> _YOUR TASK_
Using the material below, repeat exactly the lines from the one with "4870/5 HALL ODL_EX22" through the one with "Vintage Tactical Utility", ends included, without any images.

> _WORKING DATA_

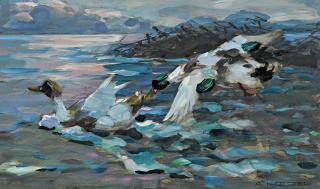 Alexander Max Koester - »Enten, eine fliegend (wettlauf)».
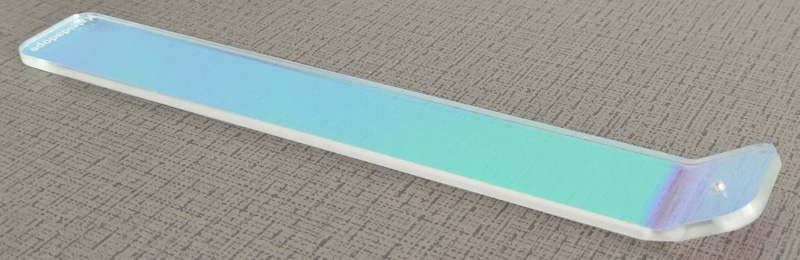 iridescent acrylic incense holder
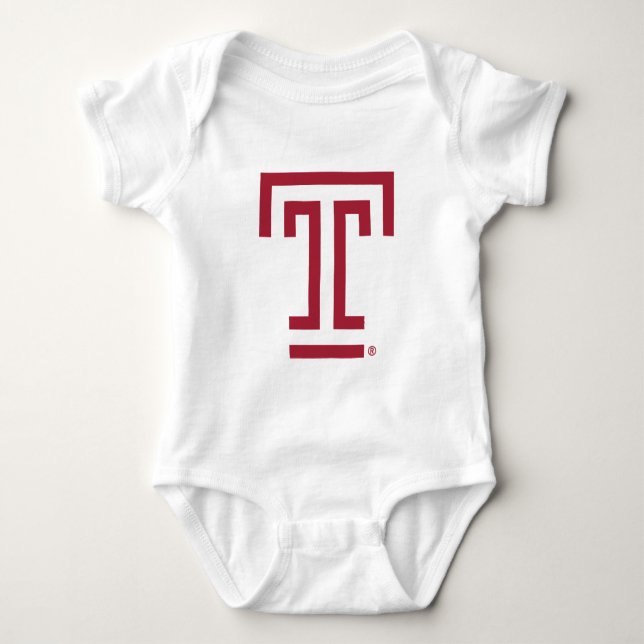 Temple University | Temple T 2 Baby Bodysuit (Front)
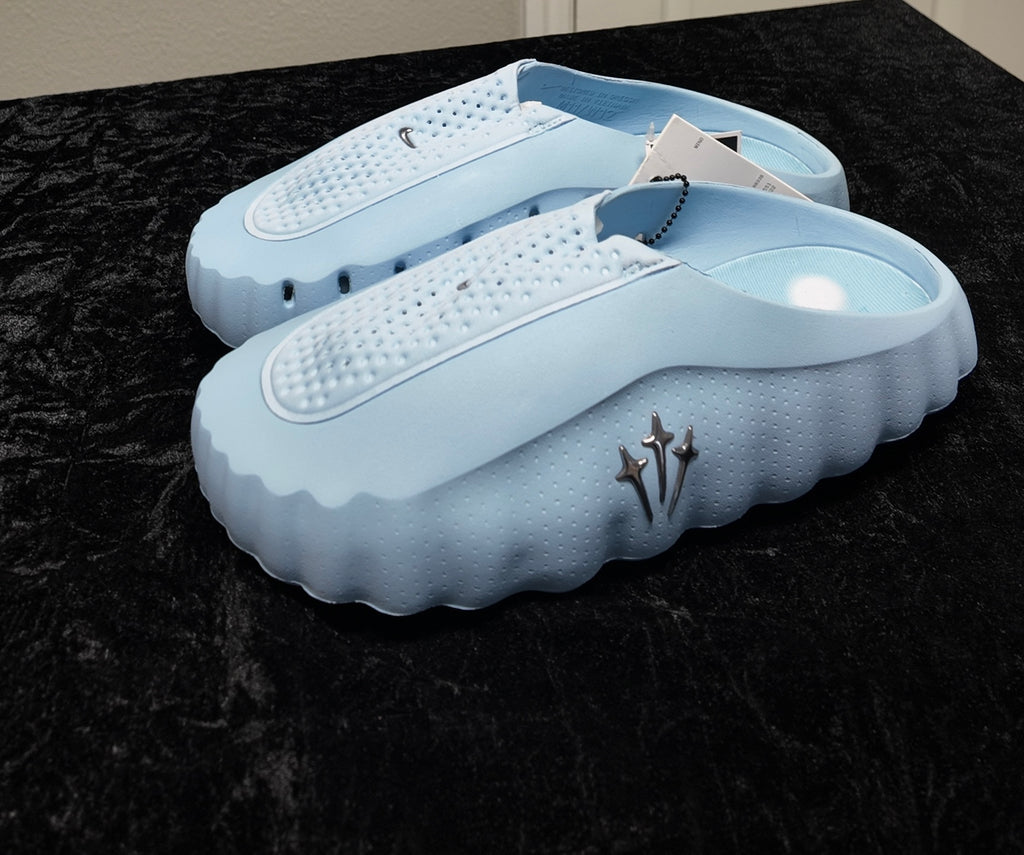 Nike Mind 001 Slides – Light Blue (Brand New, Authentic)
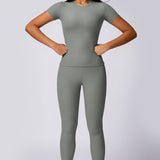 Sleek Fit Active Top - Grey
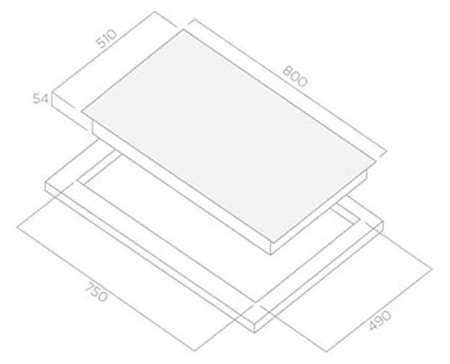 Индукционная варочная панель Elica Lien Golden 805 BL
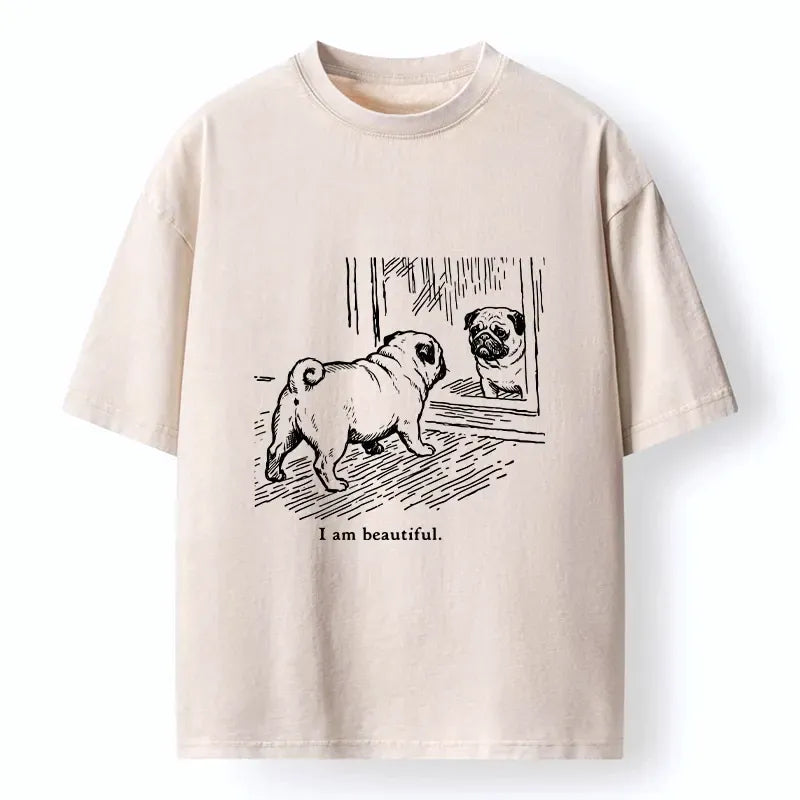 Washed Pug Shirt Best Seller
==
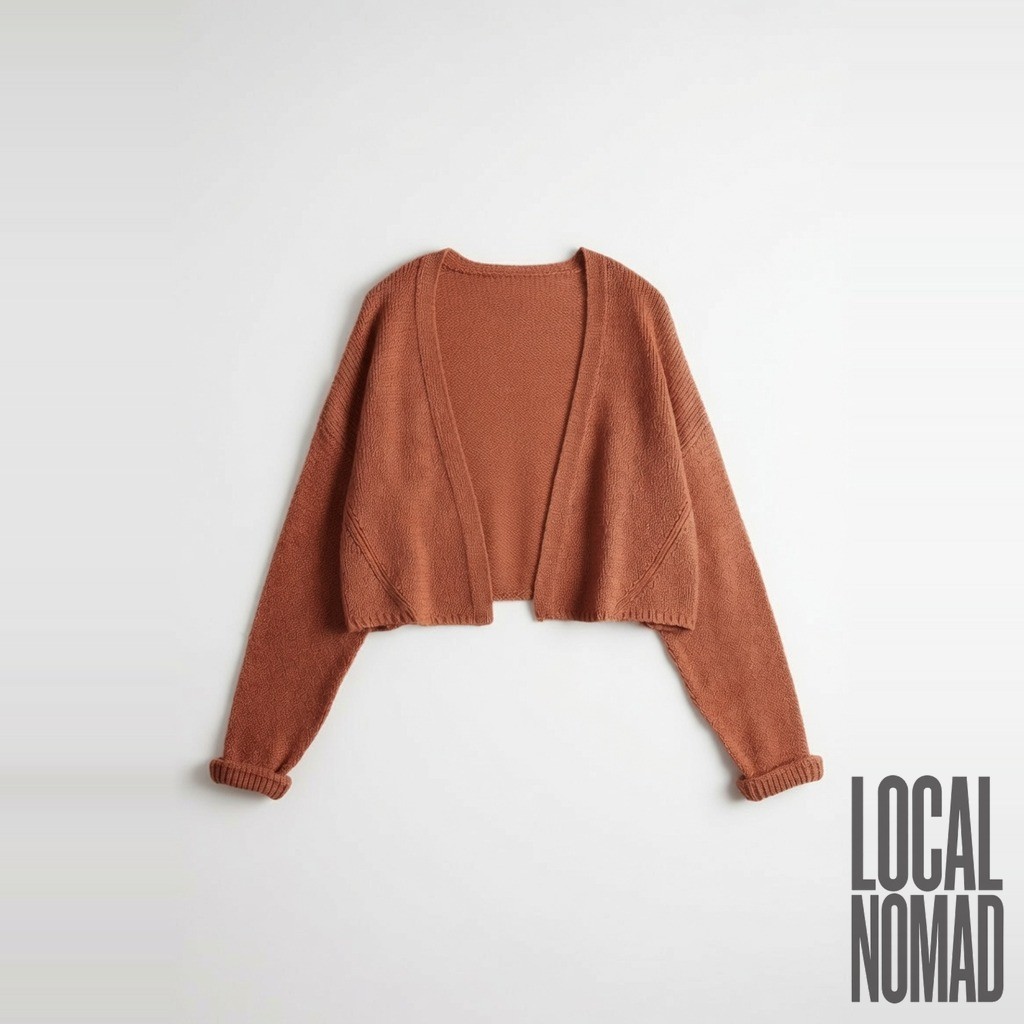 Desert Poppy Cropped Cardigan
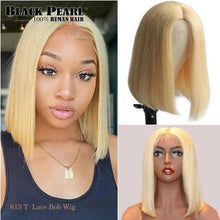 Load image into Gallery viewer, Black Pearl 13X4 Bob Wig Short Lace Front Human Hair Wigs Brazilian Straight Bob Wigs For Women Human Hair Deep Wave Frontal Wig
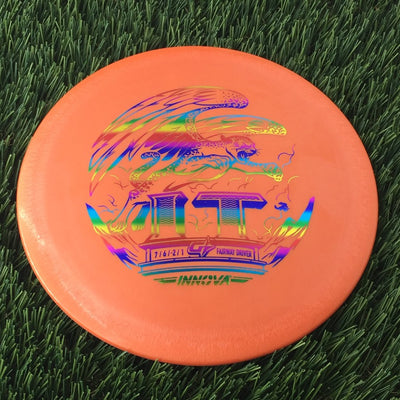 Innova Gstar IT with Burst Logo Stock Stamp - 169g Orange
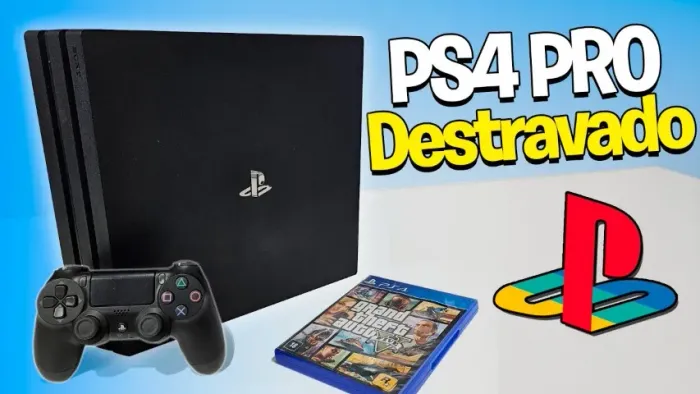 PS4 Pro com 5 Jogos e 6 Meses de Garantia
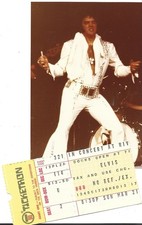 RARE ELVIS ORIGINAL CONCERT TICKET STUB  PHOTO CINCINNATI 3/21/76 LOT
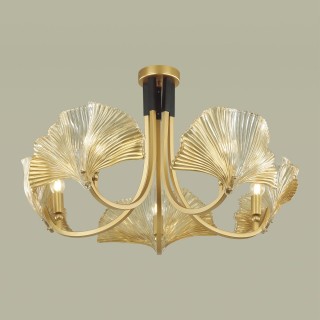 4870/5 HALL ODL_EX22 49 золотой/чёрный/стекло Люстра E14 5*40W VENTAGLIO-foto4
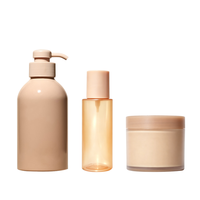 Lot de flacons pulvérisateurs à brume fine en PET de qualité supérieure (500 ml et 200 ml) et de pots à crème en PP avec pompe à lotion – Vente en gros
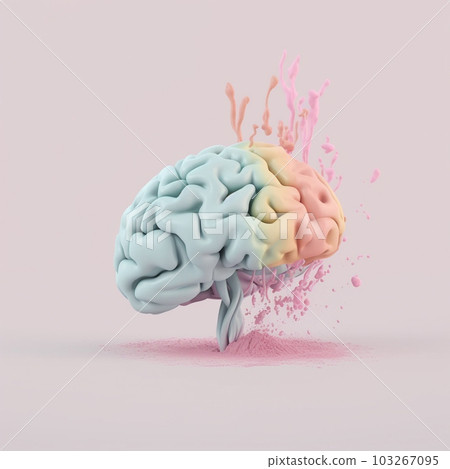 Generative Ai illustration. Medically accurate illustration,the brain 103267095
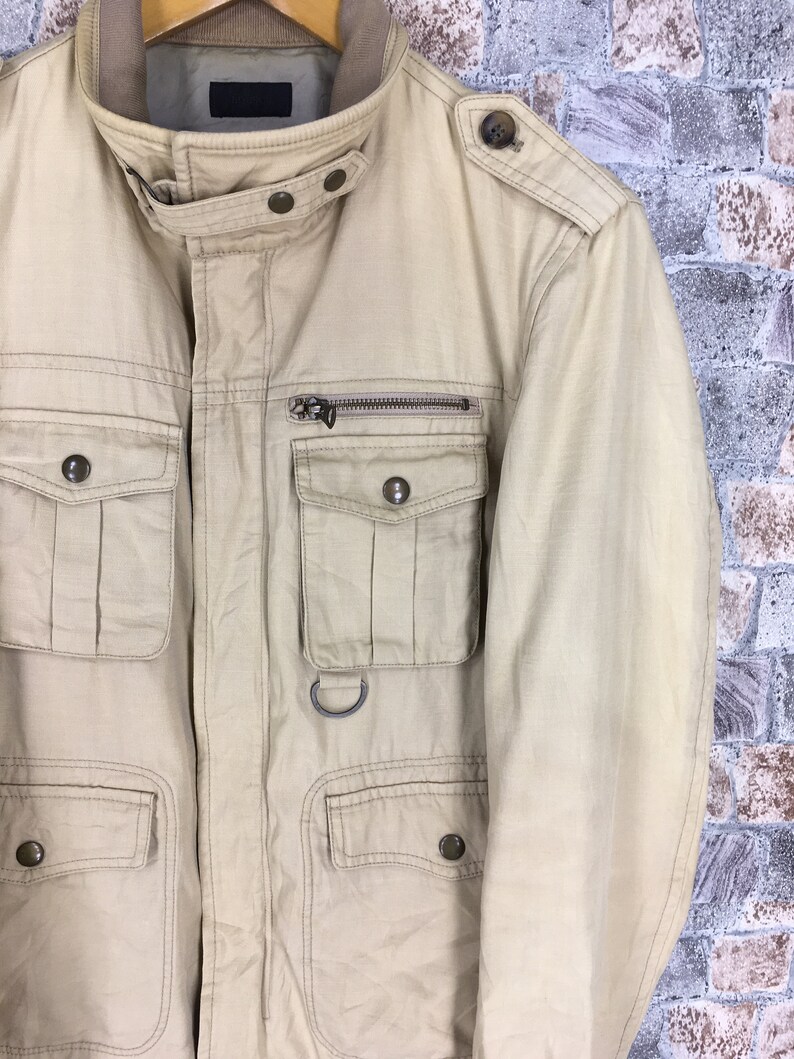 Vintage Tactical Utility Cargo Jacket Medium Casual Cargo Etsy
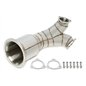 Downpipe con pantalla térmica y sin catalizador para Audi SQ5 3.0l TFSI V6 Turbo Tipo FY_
---
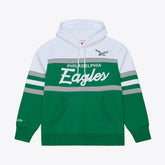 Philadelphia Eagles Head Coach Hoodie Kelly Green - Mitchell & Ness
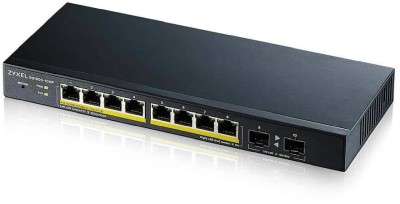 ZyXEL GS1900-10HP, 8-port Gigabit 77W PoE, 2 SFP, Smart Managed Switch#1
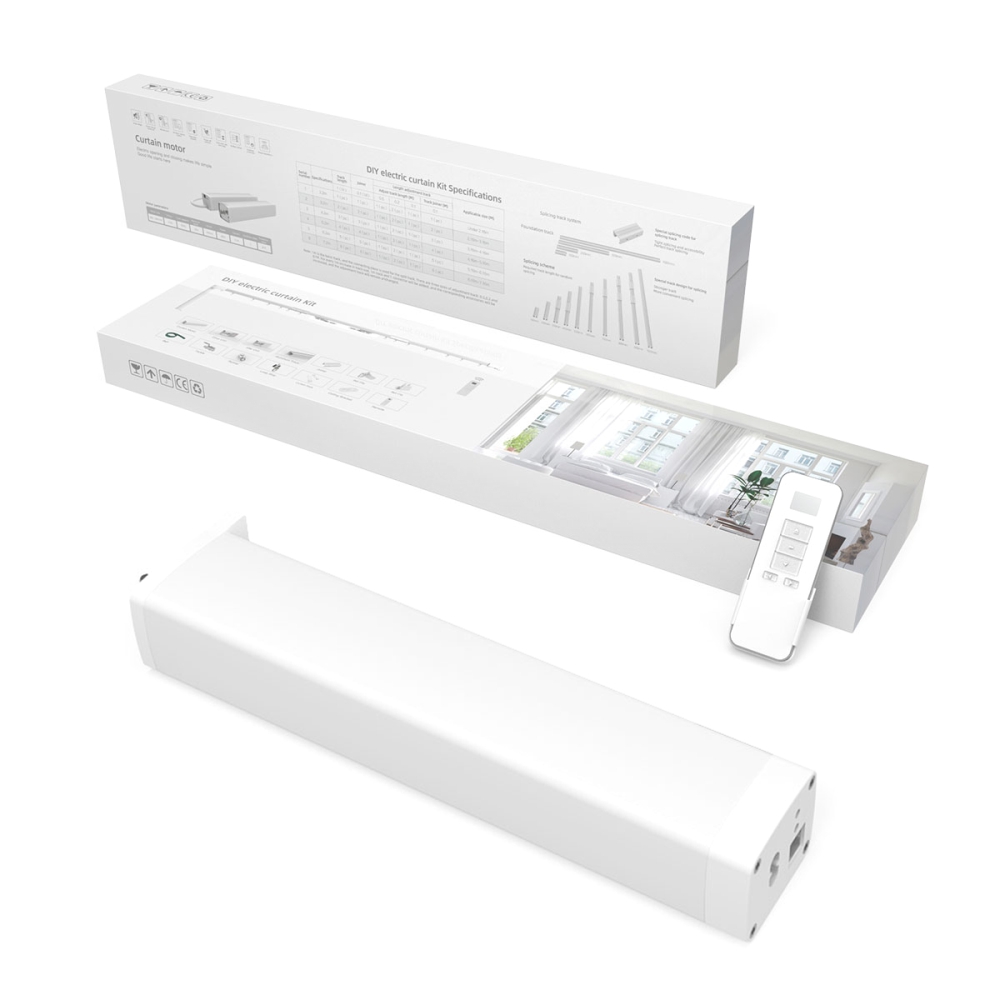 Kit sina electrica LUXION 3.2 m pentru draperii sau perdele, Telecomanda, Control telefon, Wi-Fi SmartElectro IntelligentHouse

> _WRITTEN ANSWER_
 4870/5 HALL ODL_EX22 49 золотой/чёрный/стекло Люстра E14 5*40W VENTAGLIO-foto4
 Lot de flacons pulvérisateurs à brume fine en PET de qualité supérieure (500 ml et 200 ml) et de pots à crème en PP avec pompe à lotion – Vente en gros
 Generative Ai illustration. Medically accurate illustration,the brain 103267095
 Vintage Tactical Utility Cargo Jacket Medium Casual Cargo Etsy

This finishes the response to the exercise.